Finding the longest increasing subsequence within a sequence of numbers is a classic problem that reveals the practical power of dynamic programming. This challenge appears in fields ranging from bioinformatics, where it helps identify patterns in genetic sequences, to finance, where it can model trends in fluctuating markets. By breaking the problem into smaller, overlapping subproblems, dynamic programming stores intermediate results to avoid redundant calculations, transforming an exponential brute-force search into a manageable polynomial-time solution.
Understanding the Longest Increasing Subsequence
A subsequence is derived by deleting zero or more elements from a sequence without changing the order of the remaining elements. The goal of the longest increasing subsequence, or LIS, is to find the subsequence where every element is strictly larger than the one before it, and the length of this subsequence is maximized. For example, within the sequence [10, 9, 2, 5, 3, 7, 101, 18], one valid increasing subsequence is [2, 3, 7, 101], and this happens to be the longest, giving a length of 4.

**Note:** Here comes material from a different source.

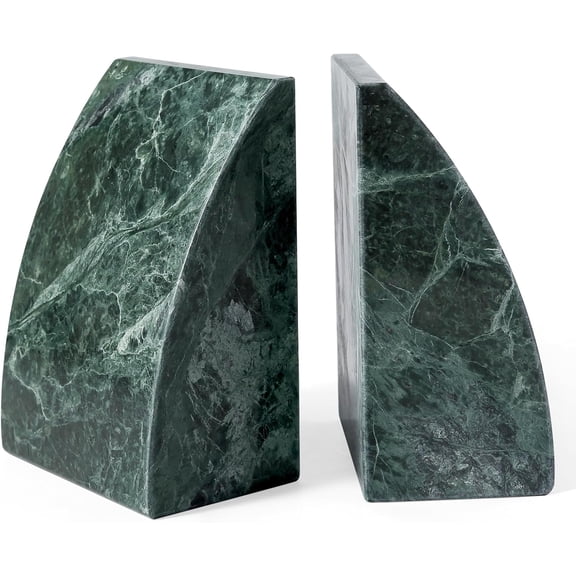 Marble Bookends for Shelves, 8Lbs Large Stone Bookends for Heavy Books, Non-Slip Heavy Duty Book Stopper, Modern Decorative Book Ends for Bookshelf Table Home Decor(Green)
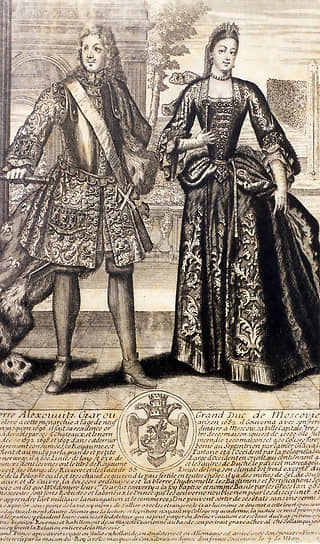 1717 год. Гравюра «Петр Алексеевич, Царь или Великий князь Московии с Екатериной»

The Core Idea of Dynamic Programming
Dynamic programming solves complex problems by storing the results of intermediate states so they do not need to be recalculated. To apply this to the LIS problem, we define a state dp[i] that represents the length of the longest increasing subsequence ending at index i . The key insight is that to compute dp[i] , we only need to look at all previous indices j where the value is smaller than the current value, effectively building the solution incrementally from left to right.
Defining the Recurrence Relation
The mathematical relationship for filling the DP table is straightforward: for each index i , we initialize dp[i] to 1, since a single element is always a valid subsequence. We then iterate through all indices j from 0 to i-1 . If nums[j] , we update dp[i] to be the maximum of its current value and dp[j] + 1 . This ensures that dp[i] always holds the optimal length for the subsequence ending at that specific position.
Step-by-Step Algorithmic Walkthrough
Imagine processing the array [3, 10, 2, 1, 20]. We start with an array of ones, [1, 1, 1, 1, 1]. At index 1, the value 10 is greater than 3, so we update dp[1] to dp[0] + 1 , resulting in [1, 2, 1, 1, 1]. When we reach index 4 with the value 20, we compare it with 3, 10, and 2. Since 10 is the largest value smaller than 20, we take dp[1] (which is 2) and add 1, setting dp[4] to 3. The maximum value in the final DP array is 3, which is the length of the LIS [3, 10, 20].
Complexity Analysis and Optimization
More perspective on Longest increasing subsequence dynamic programming can make the topic easier to follow by connecting earlier points with a few simple takeaways.